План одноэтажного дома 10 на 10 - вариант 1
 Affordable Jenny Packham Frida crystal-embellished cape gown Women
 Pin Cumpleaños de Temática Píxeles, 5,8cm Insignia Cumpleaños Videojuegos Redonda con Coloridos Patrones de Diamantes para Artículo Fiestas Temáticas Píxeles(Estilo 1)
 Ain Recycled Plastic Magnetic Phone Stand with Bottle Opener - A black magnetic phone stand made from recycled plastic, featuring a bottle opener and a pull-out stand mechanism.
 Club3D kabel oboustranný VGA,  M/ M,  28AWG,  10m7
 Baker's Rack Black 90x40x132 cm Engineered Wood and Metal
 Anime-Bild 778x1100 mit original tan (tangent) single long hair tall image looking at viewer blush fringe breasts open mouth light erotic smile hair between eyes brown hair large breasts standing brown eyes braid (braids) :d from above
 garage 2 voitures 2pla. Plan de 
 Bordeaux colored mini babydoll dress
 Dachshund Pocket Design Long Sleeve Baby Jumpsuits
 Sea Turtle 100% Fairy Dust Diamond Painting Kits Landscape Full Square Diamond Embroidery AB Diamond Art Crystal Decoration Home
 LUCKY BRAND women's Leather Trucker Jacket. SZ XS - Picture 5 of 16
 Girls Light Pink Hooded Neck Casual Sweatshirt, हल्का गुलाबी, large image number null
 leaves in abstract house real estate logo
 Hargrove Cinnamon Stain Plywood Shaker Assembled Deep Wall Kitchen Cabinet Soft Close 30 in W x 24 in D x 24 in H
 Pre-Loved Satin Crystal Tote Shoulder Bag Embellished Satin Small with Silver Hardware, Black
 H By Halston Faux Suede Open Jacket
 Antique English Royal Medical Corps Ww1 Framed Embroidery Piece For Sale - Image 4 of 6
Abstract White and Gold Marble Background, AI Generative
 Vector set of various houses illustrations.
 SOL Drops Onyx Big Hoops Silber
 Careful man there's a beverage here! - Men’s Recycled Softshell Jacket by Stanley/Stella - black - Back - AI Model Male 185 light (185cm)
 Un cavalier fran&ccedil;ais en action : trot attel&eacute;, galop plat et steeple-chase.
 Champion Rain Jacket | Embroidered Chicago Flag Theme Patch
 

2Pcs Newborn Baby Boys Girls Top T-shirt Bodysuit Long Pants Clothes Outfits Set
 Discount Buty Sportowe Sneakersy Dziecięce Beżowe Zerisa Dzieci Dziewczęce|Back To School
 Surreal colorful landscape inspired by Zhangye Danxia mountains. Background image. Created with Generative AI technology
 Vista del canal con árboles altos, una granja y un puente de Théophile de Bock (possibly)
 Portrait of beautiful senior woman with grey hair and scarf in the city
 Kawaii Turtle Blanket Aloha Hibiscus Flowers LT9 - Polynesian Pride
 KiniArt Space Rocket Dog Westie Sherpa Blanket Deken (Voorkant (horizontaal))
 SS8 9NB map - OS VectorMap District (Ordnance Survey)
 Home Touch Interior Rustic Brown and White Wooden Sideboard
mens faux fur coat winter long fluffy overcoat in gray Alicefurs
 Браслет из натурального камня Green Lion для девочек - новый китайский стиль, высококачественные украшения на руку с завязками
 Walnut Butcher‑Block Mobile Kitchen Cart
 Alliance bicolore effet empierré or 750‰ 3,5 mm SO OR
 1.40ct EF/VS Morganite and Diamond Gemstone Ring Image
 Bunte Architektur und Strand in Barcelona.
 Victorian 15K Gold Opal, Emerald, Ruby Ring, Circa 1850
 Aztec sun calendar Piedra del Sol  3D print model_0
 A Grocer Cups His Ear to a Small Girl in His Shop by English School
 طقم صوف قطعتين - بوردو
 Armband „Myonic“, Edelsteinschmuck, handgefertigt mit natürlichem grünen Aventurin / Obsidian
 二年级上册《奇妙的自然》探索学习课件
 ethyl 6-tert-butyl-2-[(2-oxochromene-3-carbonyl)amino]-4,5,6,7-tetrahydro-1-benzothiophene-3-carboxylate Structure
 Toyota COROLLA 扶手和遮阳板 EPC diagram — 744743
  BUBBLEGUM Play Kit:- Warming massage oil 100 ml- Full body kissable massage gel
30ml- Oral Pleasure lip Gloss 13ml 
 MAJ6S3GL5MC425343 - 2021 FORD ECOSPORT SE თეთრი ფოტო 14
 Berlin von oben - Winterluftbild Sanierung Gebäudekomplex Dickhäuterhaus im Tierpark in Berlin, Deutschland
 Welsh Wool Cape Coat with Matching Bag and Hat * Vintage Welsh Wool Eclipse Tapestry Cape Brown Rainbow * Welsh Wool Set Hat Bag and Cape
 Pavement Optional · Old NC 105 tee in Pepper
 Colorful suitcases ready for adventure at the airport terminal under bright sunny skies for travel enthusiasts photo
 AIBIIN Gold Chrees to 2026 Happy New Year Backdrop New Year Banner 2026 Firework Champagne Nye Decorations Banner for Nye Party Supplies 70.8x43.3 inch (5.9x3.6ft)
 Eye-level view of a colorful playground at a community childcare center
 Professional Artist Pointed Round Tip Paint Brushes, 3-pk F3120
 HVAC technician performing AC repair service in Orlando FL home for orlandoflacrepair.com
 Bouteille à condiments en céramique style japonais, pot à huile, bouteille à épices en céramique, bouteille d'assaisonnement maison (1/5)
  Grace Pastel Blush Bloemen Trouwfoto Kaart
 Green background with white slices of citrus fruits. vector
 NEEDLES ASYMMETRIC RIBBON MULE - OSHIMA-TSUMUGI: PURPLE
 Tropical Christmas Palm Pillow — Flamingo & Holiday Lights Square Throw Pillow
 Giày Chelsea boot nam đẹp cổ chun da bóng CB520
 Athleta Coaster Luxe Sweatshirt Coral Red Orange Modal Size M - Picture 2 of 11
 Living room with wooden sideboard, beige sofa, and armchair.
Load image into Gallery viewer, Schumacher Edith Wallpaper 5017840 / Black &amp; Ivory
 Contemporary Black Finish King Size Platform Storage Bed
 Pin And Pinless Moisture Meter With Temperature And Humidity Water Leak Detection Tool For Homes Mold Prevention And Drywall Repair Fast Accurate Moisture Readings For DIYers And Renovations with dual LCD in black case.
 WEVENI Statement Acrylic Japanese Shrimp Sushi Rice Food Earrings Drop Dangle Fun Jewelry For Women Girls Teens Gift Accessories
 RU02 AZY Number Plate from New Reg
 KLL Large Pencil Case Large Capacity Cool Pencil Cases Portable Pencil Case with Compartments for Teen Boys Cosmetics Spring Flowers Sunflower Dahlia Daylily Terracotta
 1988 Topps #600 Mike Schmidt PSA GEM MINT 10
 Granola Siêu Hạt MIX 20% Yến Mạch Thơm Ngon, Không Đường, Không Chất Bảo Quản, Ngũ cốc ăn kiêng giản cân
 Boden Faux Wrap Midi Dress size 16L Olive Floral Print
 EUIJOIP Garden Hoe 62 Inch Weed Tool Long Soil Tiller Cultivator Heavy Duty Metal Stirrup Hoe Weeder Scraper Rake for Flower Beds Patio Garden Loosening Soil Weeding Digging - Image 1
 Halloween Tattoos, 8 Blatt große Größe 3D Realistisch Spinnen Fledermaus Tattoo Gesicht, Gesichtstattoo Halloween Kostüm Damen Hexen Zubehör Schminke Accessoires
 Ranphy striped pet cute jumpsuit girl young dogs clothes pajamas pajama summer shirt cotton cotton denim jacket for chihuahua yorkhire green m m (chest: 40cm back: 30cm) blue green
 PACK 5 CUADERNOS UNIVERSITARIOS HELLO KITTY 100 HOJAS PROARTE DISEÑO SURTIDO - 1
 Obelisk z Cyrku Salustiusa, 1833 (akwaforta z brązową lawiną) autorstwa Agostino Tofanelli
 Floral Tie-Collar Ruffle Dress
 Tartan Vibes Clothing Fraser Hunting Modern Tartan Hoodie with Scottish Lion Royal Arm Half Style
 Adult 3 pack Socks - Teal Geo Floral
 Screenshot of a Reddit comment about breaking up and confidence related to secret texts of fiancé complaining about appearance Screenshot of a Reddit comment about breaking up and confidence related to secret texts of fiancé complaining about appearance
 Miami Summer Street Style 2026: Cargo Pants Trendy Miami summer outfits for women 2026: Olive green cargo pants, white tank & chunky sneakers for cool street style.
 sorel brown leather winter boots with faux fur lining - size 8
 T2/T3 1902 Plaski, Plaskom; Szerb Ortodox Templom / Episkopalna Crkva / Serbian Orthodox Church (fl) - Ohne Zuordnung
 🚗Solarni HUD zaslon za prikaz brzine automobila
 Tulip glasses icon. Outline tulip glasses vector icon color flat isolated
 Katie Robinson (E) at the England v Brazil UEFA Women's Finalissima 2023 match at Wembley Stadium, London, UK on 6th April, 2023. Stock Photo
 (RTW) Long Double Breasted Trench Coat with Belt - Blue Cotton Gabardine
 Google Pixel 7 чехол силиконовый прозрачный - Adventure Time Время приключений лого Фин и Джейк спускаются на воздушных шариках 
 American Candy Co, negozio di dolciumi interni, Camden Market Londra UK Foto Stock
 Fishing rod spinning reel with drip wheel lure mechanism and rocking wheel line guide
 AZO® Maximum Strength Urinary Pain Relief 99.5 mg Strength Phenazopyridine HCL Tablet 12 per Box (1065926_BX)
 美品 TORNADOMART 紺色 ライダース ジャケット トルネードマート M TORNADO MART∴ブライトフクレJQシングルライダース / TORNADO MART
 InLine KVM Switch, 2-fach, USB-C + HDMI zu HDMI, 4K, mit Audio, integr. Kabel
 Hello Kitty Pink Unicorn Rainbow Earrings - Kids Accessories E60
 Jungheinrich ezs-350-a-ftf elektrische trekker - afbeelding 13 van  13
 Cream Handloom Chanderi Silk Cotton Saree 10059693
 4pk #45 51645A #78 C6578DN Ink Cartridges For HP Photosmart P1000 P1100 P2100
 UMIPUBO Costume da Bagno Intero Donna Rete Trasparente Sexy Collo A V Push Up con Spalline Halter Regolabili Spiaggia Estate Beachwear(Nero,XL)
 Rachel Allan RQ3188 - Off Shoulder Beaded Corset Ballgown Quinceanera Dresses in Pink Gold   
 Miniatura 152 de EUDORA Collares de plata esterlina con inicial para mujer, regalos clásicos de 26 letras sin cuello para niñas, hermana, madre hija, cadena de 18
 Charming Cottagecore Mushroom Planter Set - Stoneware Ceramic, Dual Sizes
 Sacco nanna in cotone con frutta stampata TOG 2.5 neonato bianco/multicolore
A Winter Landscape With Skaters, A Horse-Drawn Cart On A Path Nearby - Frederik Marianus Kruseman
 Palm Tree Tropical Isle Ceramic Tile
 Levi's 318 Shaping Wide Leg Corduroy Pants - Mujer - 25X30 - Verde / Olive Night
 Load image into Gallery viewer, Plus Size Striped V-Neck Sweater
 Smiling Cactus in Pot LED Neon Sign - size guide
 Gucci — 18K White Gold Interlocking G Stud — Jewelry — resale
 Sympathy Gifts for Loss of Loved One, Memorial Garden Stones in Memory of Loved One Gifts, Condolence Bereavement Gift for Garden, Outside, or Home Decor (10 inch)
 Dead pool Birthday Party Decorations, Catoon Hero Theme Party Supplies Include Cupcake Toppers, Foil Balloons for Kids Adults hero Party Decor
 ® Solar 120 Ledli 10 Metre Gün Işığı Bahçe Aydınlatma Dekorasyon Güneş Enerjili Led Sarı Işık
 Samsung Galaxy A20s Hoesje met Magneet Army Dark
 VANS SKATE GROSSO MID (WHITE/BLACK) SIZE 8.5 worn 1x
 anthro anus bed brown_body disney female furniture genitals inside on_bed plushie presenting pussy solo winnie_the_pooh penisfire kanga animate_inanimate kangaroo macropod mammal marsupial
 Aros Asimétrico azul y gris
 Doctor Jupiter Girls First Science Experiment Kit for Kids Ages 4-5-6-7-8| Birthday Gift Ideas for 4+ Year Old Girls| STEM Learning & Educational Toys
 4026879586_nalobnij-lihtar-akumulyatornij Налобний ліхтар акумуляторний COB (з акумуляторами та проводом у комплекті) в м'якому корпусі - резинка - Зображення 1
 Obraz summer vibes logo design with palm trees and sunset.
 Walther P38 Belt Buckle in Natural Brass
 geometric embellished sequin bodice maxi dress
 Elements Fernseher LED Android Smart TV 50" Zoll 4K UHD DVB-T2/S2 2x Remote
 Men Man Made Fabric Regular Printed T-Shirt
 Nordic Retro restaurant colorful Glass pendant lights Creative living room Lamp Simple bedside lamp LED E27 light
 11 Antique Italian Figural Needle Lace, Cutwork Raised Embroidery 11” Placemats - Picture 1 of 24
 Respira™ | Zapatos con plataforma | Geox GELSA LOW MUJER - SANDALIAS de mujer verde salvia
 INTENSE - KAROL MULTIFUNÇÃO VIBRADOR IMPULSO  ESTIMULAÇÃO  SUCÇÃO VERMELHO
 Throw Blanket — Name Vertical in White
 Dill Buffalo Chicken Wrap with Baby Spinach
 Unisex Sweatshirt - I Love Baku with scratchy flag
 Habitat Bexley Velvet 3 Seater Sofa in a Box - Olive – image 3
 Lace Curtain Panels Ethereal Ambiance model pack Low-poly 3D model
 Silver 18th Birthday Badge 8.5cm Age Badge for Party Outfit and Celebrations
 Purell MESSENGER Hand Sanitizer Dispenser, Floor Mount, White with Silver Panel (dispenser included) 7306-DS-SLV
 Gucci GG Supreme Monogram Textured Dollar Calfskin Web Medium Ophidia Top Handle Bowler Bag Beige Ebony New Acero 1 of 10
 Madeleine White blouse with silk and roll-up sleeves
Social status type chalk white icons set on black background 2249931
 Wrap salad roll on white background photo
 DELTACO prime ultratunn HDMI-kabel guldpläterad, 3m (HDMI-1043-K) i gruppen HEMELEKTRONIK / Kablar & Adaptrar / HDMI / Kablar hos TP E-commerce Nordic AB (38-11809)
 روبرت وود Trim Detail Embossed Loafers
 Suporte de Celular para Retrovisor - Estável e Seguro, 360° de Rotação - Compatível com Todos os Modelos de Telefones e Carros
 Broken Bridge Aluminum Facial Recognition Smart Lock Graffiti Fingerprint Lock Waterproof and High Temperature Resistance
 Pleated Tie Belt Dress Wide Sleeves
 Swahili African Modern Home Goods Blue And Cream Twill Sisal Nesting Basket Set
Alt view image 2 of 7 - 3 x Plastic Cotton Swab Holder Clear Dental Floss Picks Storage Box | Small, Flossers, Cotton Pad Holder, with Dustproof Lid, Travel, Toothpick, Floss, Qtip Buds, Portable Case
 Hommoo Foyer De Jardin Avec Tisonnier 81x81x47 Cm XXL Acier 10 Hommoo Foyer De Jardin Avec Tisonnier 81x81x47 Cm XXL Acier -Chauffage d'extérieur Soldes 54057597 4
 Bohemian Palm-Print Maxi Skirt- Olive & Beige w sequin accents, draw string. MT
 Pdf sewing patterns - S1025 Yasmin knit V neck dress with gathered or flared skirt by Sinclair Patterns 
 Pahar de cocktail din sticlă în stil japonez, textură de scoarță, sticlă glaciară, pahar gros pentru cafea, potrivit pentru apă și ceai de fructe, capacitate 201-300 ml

* * *

● **ABOUT THIS TASK**: Above are the records; from them, give again exactly the lines from the one containing "Dill Buffalo Chicken Wrap with Baby Spinach" to the one containing "Wrap salad roll on white background photo", both lines included, and nothing more.

● **TASK ANSWER**:
 Dill Buffalo Chicken Wrap with Baby Spinach
 Unisex Sweatshirt - I Love Baku with scratchy flag
 Habitat Bexley Velvet 3 Seater Sofa in a Box - Olive – image 3
 Lace Curtain Panels Ethereal Ambiance model pack Low-poly 3D model
 Silver 18th Birthday Badge 8.5cm Age Badge for Party Outfit and Celebrations
 Purell MESSENGER Hand Sanitizer Dispenser, Floor Mount, White with Silver Panel (dispenser included) 7306-DS-SLV
 Gucci GG Supreme Monogram Textured Dollar Calfskin Web Medium Ophidia Top Handle Bowler Bag Beige Ebony New Acero 1 of 10
 Madeleine White blouse with silk and roll-up sleeves
Social status type chalk white icons set on black background 2249931
 Wrap salad roll on white background photo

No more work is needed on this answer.